Jeunesse et éducation
Naila Ayesh est née en 1961 à Naplouse, en Cisjordanie, et a grandi sous l'occupation israélienne. Elle a été scolarisée au collège et au lycée de Ramallah. En 1969, elle est âgée de 8 ans. Elle est en récréation lorsqu’elle entend des explosions à 10h du matin. C’est sa maison à Lifta qui est démolie, celle de ses parents et de ses 4 sœurs. Cet événement a installé en elle un sentiment d’hostilité envers l’occupation israélienne [5]. Naila Ayesh commence à s'impliquer dans le militantisme politique lorsqu'elle arrive au lycée.
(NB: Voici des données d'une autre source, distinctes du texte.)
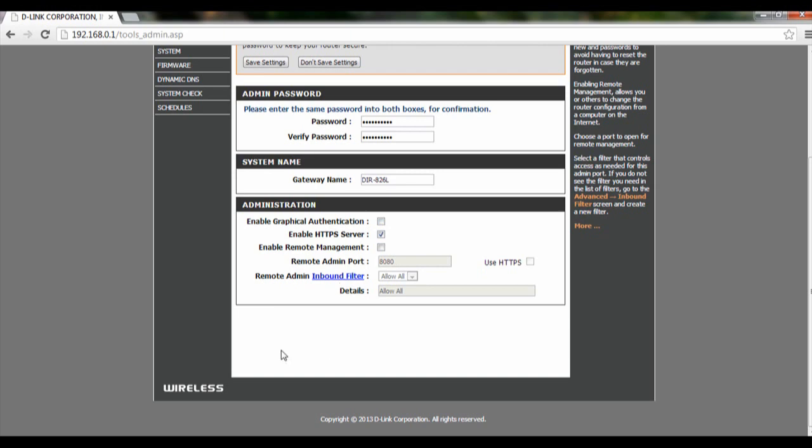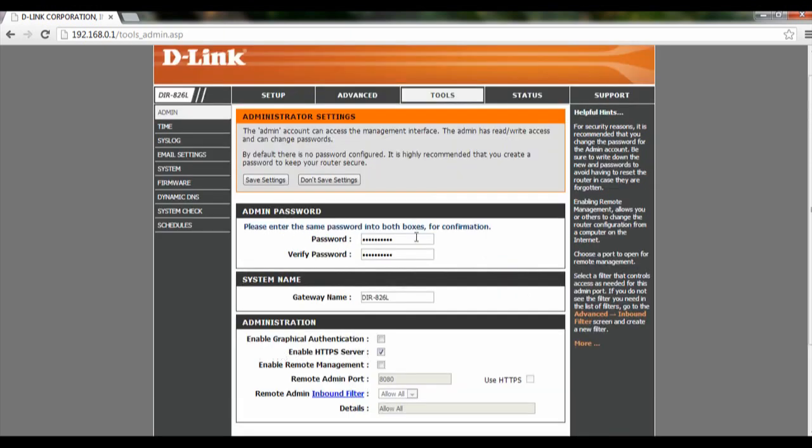After you have done all your settings, click on Save Settings and your settings will be saved.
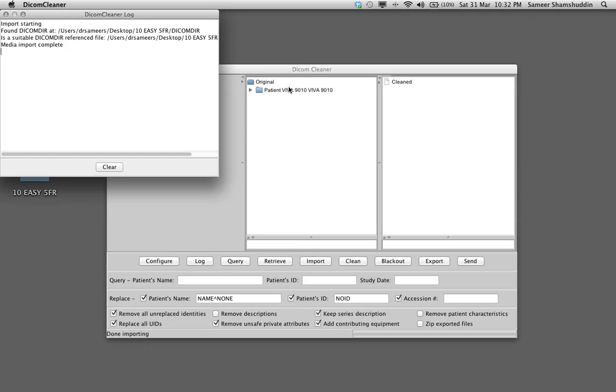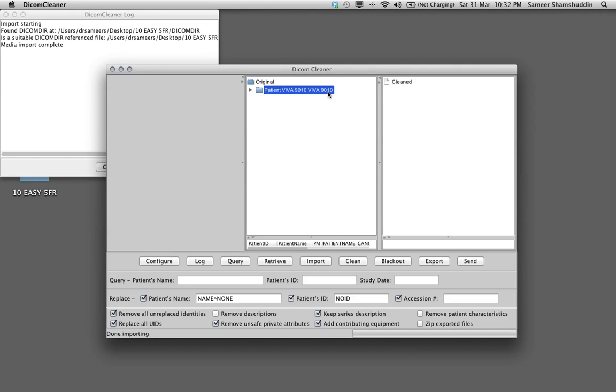This case will get imported. You can see on the left hand side that there is patient Y19010Y19010. This is the case that I need to rename.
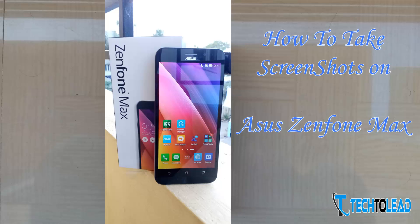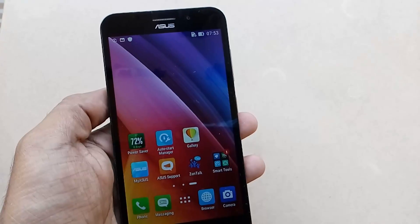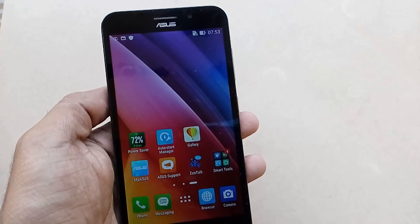Hi guys, Aso here from tech2lil.com. Today I am going to show you how to take screenshots on Asus Zenfone Max. Asus Zenfone Max has a few extra options to take screenshots, and today I am going to show you how to do that.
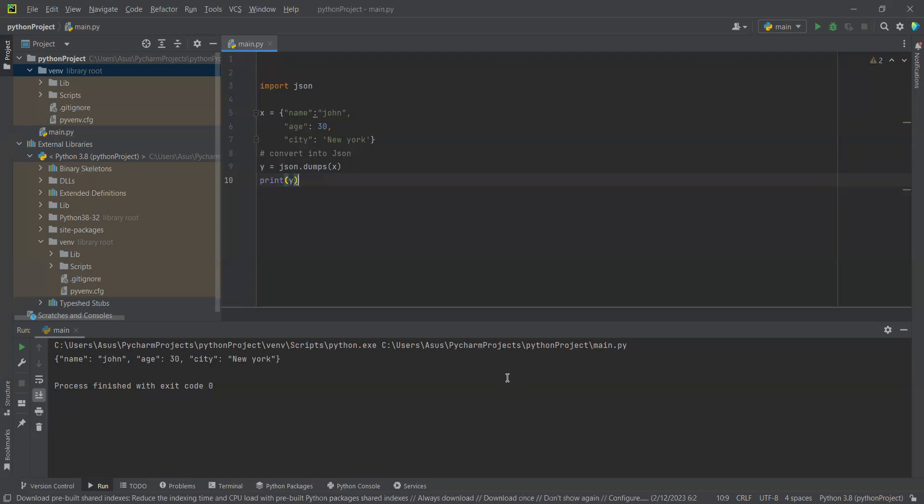So in this way we use to get dictionary, and also we can make a list. We're using string, we're using integer, we're using float, and we're using boolean also in JSON. Yeah, it's so easy we can use JSON. Thank you, I think this is enough and you got the idea how to use the JSON file with Python. See you in my next tutorial, bye for now.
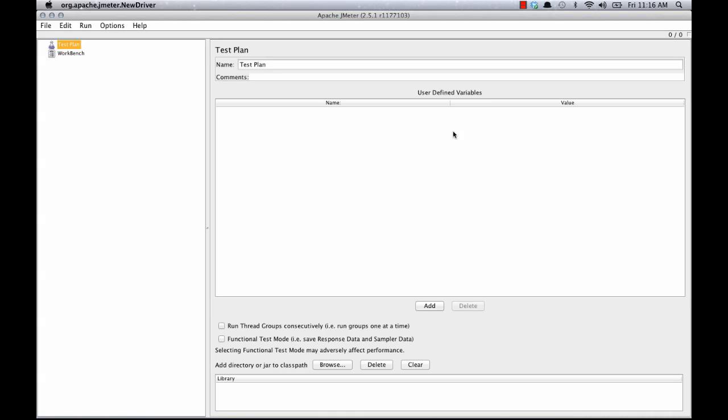JMeter is a tool which can be used to load test websites. Today I'm going to show you how to set up an HTTP proxy using JMeter. You can use this to record manual interactions with a website so that you can replay them later.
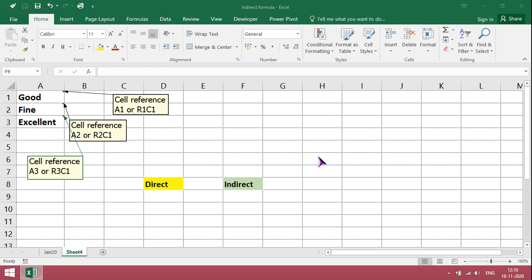Hi viewers, welcome to our channel RGISinfo. In this video, I am going to explain about how to use indirect formula.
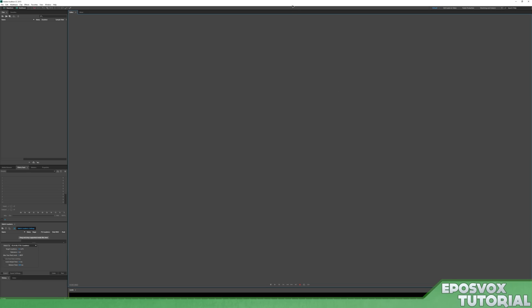Hello everyone, my name's Adam Repos Vox and welcome back to another audio processing tutorial.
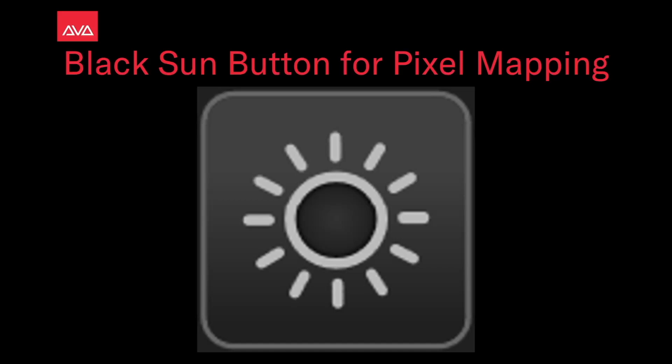Hey everybody! Welcome back to Mesh Control for a quick tips video. In this video, we're going to talk about the Black Hole Sun Button for Pixel Mapping.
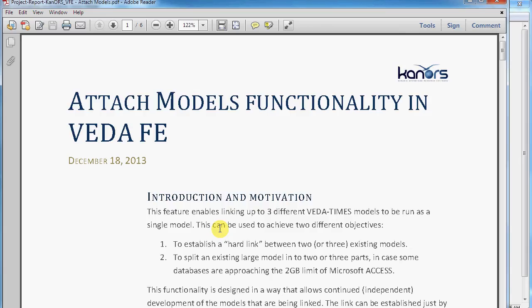This video introduces a new functionality of VEDA Front End which can be used to link two or three existing VEDA TIMES models. It can also be used to split an existing VEDA TIMES model in which size might be becoming a problem.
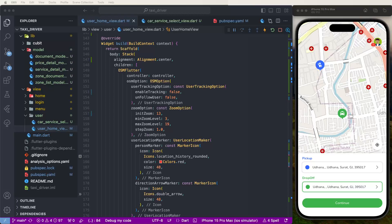Hello viewers, welcome to our channel. If you are new, hit the subscribe button and notification bell so you can never miss any of our incredible content. Today inside Flutter we need to create a pickup-to-drop route map. We need to draw the road map inside these plugins using the OMS Flutter plugin.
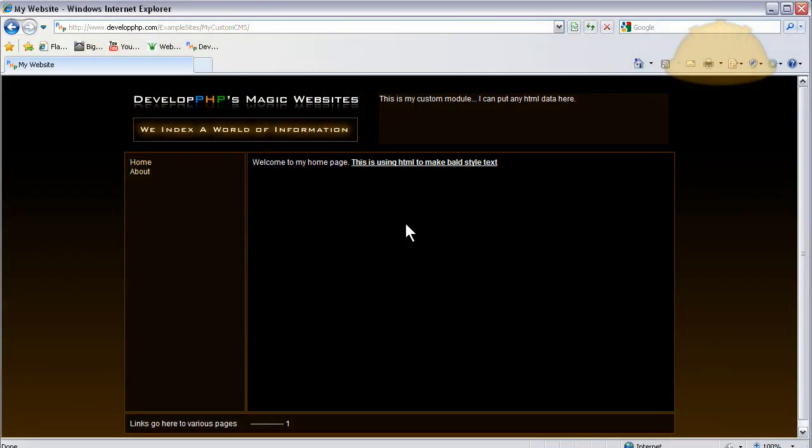Hello and welcome to part 6 of creating custom content management systems using PHP and MySQL. In this lesson series we're learning how to create very basic systems that you can give to your clients.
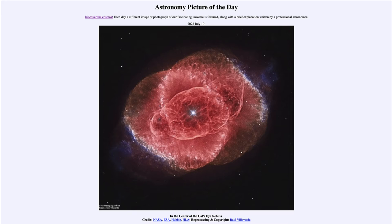A planetary nebula is what happens at the end of the life of a star much like our own Sun. The outer layers are expelled out into space and the core is left behind as a white dwarf — a compact remnant about the mass of our Sun but about the size of Earth. That's what happens when you compress atoms as close together as they can possibly be, until the repulsion of their electrons provides pressure to hold the star up against gravity.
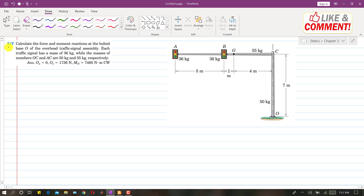I am going to solve problem 3.7. In this problem, we are asked to calculate the force and moment reactions at the bolted base O of the overhead traffic signal assembly. We need to find the reactions at point O, both the force reaction and the moment reaction at point O.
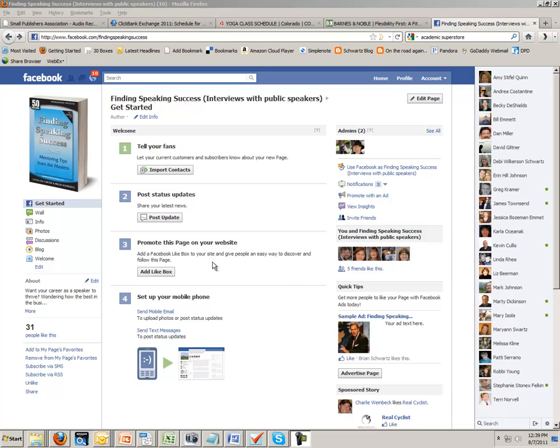This is important to do if you're one of my authors, and a valuable thing to do regardless, because if something ever happens to your Facebook account, having someone else as an admin will protect your page.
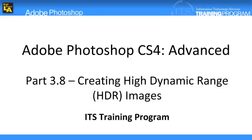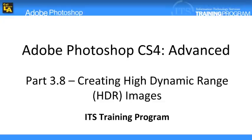In image processing, computer graphics, and photography, high dynamic range imaging is a set of techniques that allows a greater dynamic range of luminance between the lightest and darkest areas of an image than standard digital imaging techniques or photographic methods. This wider dynamic range allows HDR images to more accurately represent the wide range of intensity levels found in real scenes, ranging from direct sunlight to faint starlight.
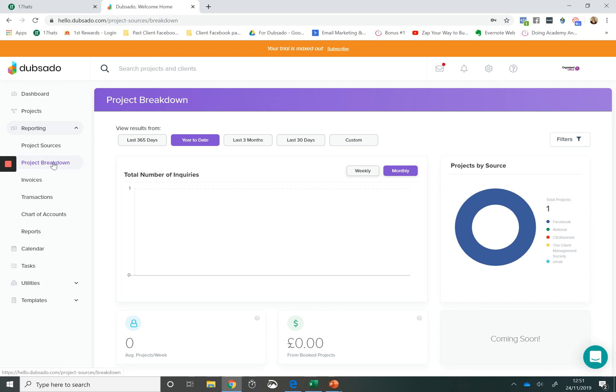You'll also be able to see how much revenue was generated from those individual sources. So this is great information for us to evaluate where we're spending our time marketing our business. And this is a great feature from Dubsado because it means that we can view the information in our system to make smart decisions about how we market ourselves.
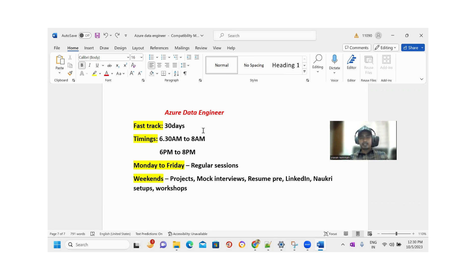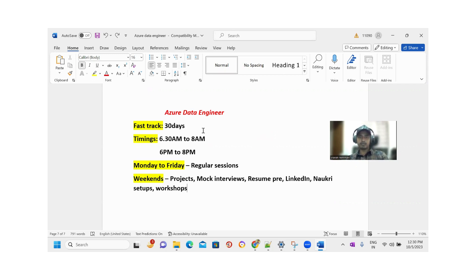Weekends we'll conduct projects, mock interviews, resume preparation, LinkedIn profile setups, workshops, and all.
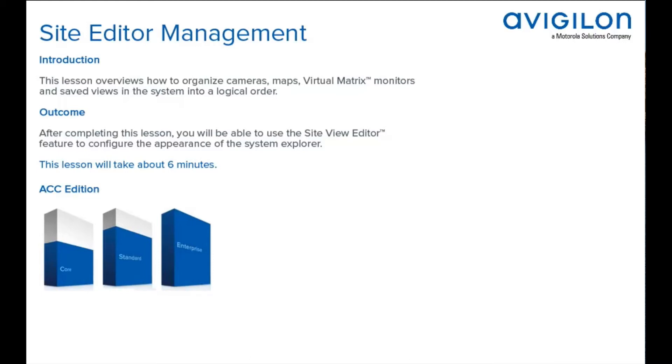After completing this lesson, you will be able to use the Site View Editor feature to configure the appearance of the System Explorer. This feature is available in these editions of ACC Software.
Elle postule pour une bourse afin d’étudier à l’Académie bulgare des Sciences à Sofia en Bulgarie, ce qui lui permettra d’apprendre de manière plus libre, sans être sous le contrôle constant des politiques de restrictions israéliennes [6]. Elle y rencontre en 1980 son futur mari Jamal Zakout, un militant politique originaire de Gaza et président de l’union étudiante. Naila Ayesh obtient son diplôme et rentre à Ramallah, où elle marie directement Jamal. Ils ont le même désir : mettre fin à l’occupation [7].
Carrière et militantisme
Lors de son retour à Ramallah après ses études en Bulgarie, Naila Ayesh rejoint les jeunes du Front démocratique pour la libération de la Palestine ( ٱلجَّبْهَة ٱلدِّيمُوقْرَاطِيَّة لِتَحْرِير فِلَسْطِين ), un parti politique fondé en1968 par Nayef Hawatmeh. Elle a été attirée par le groupe en raison de son soutien aux femmes et de son engagement en faveur de la participation des femmes aux activités politiques. À cette époque, les partis politiques commencent à prendre forme malgré le danger couru d’y participer [8].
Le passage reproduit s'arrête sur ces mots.